Ruszył kolejny sezon publikacji wyników sprzedaży mieszkań przez deweloperów z GPW i Catalyst. Artykuł będziemy aktualizować na bieżąco, wraz ze spływem danych ze spółek.
Z comiesięcznych raportów ośrodków badawczych wiemy, że III kwartał – szczególnie lipiec i sierpień – przyniosły spadek sprzedaży w największych aglomeracjach. Część popytu dalej czeka na to, czy i w jakiej formie wejdzie w życie program „Na start”, część jako przeszkodę wskazuje drogi kredyt. Jednocześnie produkcyjna machina była jeszcze rozpędzona i oferta lokali na rynku jest duża.
Z ostatnim dołkiem branża mierzyła się w III kwartale 2022 r. – kiedy wysokie stopy i surowe kryteria badania zdolności kredytowej zamroziły rynek pożyczek mieszkaniowych. Przy okazji niedawno zakończonego sezony wyników finansowych za I połowę 2024 r. część deweloperów obniżyła cele sprzedaży na cały rok.

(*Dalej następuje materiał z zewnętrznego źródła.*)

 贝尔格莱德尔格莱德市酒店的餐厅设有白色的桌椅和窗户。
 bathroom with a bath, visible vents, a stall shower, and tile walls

Deweloperzy stosują dwa sposoby prezentowania sprzedaży. Większość raportuje umowy deweloperskie i przedwstępne – zawarte od razu bądź pochodzące z konwersji wcześniejszych rezerwacji (A), mniejszość bazuje na płatnych rezerwacjach oraz takich umowach deweloperskich i przedwstępnych, których nie poprzedziła rezerwacja (B). Oznacza to, że w tej pierwszej grupie przynajmniej w I kwartale widoczne były jeszcze efekty „Bezpiecznego kredytu”.
Lokum Deweloper
Sezon rozpoczął się z przytupem. Specjalizujący się w mieszkaniach o podwyższonym standardzie, budujący we Wrocławiu i Krakowie deweloper ogłosił sprzedaż (A) zaledwie 7 mieszkań w III kwartale – o 96 proc. mniej niż rok wcześniej i o 84 proc. mniej kwartał do kwartału. Na koniec września aktywnych było 30 umów rezerwacyjnych. W ciągu dziewięciu miesięcy br. Lokum sprzedało 124 lokale, o 74 proc. mniej niż rok wcześniej. Na konferencji wynikowej we wrześniu zarząd obniżył cel sprzedaży na cały rok z 350 do 200 jednostek.